Google has been pioneering digital experience for nearly a quarter-century now, and Google Photos has gone through myriad changes and tweaks over the years. It continues to set the bar for how we can store, search for, and relive our memories. And in this latest instalment of photo history, we’ll be walking through some relatively recent changes to the user experience, especially surrounding the ‘Things’ carousel, and looking at the new Ask Photos feature. Globally, more than ever, we rely on Google to be an indispensable part of our digital experience.
Google Photos has suddenly deleted the ‘Things’ carousel from the Search tab on Android and iOS. It used to live between People & pets and Places, near Documents – an alternative way of grouping things: Skylines, Concerts & music, Forests & trees, Food & drinks… it was an amazing set of categories, and like many procrastinators and photo-scroll-enthusiasts, I spent many hours perusing the passing tables of macro photographs and temple closeups.
That stability, however, does mean that users can’t find the same ‘Things’ carousel in the same place any more. The magic of Google means the photos are still there, in fact you can still view them by typing ‘Things’ into the app. But, although the destination is the same, you have to take a different route to reach it.
This is probably a move towards fewer buttons in the app: removing the ‘Things’ carousel has opened up the Search tab, which now is just Your Activity and fairly general Categories. It looks like a step towards a more minimal interface – maybe a sign of things to come when Ask Photos finally arrives. Even if the ‘Things’ section isn’t currently there, this update offers a glimpse of a future in which Google wants you to search in ways that are less text-based and more interactive within Google Photos.

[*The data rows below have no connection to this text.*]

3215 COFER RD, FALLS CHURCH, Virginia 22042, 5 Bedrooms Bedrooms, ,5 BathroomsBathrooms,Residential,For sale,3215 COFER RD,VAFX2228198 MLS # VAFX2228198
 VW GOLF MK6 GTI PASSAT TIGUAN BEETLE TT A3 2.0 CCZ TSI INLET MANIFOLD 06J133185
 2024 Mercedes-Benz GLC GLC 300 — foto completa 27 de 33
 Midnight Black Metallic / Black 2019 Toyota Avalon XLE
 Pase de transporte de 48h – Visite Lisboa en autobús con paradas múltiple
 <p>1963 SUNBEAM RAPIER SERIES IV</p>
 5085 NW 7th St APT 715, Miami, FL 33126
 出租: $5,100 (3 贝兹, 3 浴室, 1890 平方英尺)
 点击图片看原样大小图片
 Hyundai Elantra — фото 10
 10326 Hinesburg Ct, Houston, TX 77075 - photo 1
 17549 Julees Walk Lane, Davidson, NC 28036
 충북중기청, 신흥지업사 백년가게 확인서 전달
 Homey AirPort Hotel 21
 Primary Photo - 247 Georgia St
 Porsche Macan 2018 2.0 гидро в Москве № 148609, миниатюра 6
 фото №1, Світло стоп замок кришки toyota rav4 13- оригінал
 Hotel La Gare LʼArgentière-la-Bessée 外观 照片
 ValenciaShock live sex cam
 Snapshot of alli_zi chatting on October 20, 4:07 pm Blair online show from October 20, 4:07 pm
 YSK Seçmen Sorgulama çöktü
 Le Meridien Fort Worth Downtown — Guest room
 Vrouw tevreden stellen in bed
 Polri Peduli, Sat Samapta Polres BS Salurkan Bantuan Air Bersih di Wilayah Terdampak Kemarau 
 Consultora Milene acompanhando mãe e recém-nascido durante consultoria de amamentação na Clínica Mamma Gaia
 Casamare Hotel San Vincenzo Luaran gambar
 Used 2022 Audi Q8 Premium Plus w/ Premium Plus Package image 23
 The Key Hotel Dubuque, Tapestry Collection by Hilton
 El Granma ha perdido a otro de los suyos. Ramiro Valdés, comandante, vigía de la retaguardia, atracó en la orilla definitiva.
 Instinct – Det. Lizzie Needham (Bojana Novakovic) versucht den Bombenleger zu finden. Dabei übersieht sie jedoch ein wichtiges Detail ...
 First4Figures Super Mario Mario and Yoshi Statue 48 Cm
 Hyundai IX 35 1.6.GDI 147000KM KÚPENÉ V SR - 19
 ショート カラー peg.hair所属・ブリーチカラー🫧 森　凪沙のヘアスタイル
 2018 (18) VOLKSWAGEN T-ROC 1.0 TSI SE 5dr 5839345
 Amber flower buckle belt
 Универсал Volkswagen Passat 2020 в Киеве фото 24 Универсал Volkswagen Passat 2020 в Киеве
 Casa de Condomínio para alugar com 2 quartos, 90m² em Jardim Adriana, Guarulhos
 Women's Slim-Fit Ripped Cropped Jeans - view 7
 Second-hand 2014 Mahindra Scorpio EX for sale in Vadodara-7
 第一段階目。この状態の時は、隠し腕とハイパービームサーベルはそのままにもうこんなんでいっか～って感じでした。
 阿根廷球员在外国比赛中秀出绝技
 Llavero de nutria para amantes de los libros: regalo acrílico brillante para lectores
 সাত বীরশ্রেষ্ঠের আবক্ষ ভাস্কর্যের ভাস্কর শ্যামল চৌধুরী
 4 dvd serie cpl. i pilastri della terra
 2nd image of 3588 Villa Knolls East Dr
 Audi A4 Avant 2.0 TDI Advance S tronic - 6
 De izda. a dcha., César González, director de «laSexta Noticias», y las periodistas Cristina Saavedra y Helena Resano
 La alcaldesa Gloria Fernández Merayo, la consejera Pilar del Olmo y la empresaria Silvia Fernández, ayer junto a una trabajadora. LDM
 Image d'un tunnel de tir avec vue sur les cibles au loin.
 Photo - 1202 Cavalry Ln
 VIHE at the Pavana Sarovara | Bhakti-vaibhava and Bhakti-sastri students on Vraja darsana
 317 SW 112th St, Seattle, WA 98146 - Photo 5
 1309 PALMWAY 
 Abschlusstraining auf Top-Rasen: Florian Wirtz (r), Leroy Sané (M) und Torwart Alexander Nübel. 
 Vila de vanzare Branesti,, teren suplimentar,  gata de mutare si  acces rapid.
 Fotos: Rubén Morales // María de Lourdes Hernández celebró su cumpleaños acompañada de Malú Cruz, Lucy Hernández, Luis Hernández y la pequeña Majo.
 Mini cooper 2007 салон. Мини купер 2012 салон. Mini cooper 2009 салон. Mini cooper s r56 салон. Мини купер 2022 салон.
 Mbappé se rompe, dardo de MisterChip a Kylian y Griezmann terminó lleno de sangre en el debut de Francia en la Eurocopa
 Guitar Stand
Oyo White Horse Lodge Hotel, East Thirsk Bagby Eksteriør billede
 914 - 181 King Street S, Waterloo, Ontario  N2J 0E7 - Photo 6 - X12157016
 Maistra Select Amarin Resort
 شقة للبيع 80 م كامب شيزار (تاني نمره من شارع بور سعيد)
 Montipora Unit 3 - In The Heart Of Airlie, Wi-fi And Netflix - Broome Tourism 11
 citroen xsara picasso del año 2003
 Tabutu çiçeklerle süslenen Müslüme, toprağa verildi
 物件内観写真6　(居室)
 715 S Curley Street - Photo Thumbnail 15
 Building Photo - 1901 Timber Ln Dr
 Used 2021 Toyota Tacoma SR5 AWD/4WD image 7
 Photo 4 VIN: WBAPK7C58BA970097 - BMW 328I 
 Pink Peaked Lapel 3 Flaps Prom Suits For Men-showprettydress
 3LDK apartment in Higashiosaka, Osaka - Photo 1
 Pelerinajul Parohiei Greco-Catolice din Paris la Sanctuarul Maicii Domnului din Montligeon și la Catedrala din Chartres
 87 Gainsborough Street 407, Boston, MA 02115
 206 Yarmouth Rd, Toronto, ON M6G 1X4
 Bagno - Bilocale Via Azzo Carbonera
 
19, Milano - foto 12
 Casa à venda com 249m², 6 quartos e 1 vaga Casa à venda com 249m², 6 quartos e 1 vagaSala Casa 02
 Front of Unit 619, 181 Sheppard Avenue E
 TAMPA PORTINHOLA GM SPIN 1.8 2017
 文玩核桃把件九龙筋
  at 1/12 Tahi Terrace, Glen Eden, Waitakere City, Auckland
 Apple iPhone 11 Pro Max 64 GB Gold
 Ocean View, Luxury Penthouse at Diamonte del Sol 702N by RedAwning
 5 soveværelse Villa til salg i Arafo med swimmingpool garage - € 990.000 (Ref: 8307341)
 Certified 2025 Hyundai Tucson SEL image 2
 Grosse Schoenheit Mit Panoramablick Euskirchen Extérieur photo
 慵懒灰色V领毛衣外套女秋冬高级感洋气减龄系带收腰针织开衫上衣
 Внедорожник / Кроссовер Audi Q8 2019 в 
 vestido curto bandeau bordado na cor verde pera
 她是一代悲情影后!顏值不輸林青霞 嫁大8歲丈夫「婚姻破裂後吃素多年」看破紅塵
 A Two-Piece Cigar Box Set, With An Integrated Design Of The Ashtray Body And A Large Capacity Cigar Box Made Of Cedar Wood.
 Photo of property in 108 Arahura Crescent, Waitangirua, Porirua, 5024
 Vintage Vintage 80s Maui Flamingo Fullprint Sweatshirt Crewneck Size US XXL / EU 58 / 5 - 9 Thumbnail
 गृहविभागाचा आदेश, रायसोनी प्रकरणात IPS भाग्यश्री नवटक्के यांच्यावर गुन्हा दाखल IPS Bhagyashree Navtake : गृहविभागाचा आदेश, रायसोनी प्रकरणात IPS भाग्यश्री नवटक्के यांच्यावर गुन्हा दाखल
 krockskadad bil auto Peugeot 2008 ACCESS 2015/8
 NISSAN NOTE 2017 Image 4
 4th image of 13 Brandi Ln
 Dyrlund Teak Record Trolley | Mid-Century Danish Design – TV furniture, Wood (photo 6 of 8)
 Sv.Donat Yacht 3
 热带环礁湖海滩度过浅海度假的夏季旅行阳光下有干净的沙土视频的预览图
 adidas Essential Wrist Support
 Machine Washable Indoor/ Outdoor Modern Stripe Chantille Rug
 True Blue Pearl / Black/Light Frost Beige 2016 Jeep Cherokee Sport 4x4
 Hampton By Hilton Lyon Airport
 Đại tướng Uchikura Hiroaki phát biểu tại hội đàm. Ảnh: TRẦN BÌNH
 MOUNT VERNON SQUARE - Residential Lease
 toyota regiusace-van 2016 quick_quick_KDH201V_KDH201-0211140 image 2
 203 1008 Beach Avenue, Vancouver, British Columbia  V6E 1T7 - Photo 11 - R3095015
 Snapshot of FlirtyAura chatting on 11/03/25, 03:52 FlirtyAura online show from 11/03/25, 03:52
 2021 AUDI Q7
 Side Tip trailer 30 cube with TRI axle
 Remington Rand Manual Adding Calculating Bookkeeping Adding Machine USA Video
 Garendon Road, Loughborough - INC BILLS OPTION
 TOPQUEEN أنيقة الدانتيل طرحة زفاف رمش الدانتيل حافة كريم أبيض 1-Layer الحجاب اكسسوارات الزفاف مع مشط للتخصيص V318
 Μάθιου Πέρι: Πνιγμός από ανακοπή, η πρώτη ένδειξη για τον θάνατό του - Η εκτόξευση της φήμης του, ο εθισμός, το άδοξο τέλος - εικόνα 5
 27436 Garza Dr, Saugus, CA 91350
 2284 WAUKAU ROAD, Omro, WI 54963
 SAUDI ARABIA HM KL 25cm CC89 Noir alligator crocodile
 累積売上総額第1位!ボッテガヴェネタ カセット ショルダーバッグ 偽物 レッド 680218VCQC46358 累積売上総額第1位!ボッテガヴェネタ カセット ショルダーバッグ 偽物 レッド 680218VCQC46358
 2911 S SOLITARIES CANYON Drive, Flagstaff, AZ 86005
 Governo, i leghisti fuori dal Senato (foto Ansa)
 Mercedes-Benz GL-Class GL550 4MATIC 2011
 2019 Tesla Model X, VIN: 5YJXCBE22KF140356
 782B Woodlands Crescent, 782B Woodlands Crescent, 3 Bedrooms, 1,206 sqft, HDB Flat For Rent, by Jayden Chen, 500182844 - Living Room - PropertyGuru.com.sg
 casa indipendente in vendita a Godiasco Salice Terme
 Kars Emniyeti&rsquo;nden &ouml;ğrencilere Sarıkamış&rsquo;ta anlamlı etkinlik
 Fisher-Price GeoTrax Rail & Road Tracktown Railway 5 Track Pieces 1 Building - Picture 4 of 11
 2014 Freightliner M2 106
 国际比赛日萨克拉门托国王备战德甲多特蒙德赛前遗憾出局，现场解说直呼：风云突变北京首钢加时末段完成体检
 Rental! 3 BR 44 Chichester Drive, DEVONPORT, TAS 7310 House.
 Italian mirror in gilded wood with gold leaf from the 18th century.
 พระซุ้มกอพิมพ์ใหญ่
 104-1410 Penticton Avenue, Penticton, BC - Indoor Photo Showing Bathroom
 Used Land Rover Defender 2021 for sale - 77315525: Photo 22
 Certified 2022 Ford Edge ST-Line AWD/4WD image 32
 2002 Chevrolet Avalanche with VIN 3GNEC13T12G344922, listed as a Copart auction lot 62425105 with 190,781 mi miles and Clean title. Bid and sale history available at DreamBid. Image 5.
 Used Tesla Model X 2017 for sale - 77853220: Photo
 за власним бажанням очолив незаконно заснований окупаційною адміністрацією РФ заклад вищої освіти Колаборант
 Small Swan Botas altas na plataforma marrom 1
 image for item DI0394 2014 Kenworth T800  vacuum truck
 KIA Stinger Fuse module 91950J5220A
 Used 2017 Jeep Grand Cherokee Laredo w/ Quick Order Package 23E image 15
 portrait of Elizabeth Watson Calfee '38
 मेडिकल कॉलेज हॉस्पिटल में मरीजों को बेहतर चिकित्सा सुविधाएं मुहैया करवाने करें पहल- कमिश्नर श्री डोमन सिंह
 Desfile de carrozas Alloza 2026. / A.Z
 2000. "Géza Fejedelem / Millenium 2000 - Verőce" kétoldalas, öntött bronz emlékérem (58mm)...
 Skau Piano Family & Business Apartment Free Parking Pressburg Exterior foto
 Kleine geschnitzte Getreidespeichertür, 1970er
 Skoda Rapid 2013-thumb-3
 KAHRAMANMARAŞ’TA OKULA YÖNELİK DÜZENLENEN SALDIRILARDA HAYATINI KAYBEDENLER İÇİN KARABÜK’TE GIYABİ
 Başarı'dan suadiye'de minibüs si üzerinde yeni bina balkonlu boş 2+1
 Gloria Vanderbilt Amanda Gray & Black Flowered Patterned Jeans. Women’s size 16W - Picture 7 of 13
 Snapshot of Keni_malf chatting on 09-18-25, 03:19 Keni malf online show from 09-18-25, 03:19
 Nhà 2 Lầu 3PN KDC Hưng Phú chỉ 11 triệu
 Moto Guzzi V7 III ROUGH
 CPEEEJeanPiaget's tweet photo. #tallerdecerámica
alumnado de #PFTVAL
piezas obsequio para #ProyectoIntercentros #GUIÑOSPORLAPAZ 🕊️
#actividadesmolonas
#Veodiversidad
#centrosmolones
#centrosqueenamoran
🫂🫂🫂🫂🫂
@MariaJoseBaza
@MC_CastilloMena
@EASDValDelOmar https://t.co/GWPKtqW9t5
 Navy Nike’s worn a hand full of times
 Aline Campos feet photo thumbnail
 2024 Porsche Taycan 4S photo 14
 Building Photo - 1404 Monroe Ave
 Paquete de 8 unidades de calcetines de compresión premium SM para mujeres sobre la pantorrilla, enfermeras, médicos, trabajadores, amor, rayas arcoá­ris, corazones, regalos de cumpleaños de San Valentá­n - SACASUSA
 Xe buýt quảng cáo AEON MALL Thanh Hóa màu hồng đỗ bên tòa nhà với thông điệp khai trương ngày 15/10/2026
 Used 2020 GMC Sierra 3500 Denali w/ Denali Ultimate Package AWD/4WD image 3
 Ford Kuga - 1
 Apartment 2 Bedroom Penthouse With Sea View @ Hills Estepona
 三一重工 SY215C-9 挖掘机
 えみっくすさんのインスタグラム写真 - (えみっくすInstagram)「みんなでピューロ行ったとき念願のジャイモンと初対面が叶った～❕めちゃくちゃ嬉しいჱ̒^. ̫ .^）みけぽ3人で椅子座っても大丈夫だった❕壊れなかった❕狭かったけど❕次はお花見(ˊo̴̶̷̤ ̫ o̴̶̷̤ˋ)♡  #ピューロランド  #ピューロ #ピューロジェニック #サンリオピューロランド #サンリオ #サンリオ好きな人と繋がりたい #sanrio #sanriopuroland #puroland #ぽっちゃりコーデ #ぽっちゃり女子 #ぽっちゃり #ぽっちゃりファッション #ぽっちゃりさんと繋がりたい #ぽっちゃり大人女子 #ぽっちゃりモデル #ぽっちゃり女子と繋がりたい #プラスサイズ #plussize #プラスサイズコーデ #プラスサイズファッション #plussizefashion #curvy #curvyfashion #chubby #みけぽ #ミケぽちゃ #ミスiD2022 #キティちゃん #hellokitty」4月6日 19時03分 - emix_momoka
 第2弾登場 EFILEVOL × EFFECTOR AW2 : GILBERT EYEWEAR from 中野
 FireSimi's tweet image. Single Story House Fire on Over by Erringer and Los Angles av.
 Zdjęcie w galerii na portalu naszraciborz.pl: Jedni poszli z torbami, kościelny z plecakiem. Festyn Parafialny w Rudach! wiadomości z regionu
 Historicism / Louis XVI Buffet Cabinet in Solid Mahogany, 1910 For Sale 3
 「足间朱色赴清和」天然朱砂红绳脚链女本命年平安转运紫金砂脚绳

Ask Photos will launch this summer, bringing a conversational query-based approach to our digital albums – a world away from browsing. While not every feature demoed at I/O 2024 will launch when expected, we’re seeing a far more conversational approach to interacting with our photos – not just finding them, but talking with them, in a way that feels more natural and like the way we think and remember.
Besides the search features, Google has already announced plans to expand the new Magic Editor tool, which was introduced with the recently released Pixel 8 phones, to older models of Google phones. This is the kind of tool that should make you proud to be a Google user.
The latest USP for Google Photos is the improved user experience: it now offers various ways to control available storage, including the option of identifying those images ‘Not eligible for Storage saver’.
And as we start to experience them with it, and future iterations like Ask Photos, we’re seeing the first outline of the picture Google would like to paint for Google Photos. That picture is a living, limber, ever-changing archive that not only stoves your photographs, but is skeletal, easy and fun to interact with.
Fundamentally, it has been a force for digital disruption, transforming the way we use technology. From its origins as a web search company to the multipurpose ecosystem it has become, Google’s evolution encapsulates the quest for making the world’s information universally accessible and useful.
And Google Photos is a mission-driven manifestation of that goal. With each added daily tool, Google ensures that its stored photographs are less about lasting our digital logbook and more about cherishing and re-experiencing our memories in the most effortless way imaginable. Whatever searching, editing, or querying you want to undertake on your photo portfolio, Google will be there to help you excavate and render your memories in the same clean, efficient way it’s known for.
So, the disappearance of the ‘Things’ carousel in Google Photos is a small and almost invisible change, but it signals towards broader strategy that could bring more intuitive and interactively designed experiences to users everywhere on all sorts of devices. Google has a long way to keep evolving. As the old company adage holds: ‘Keep the main thing the main thing.’ The main thing, in this case, are Google’s efforts to better support the way we connect with our memories and the connections to others – regardless of what device or service we use.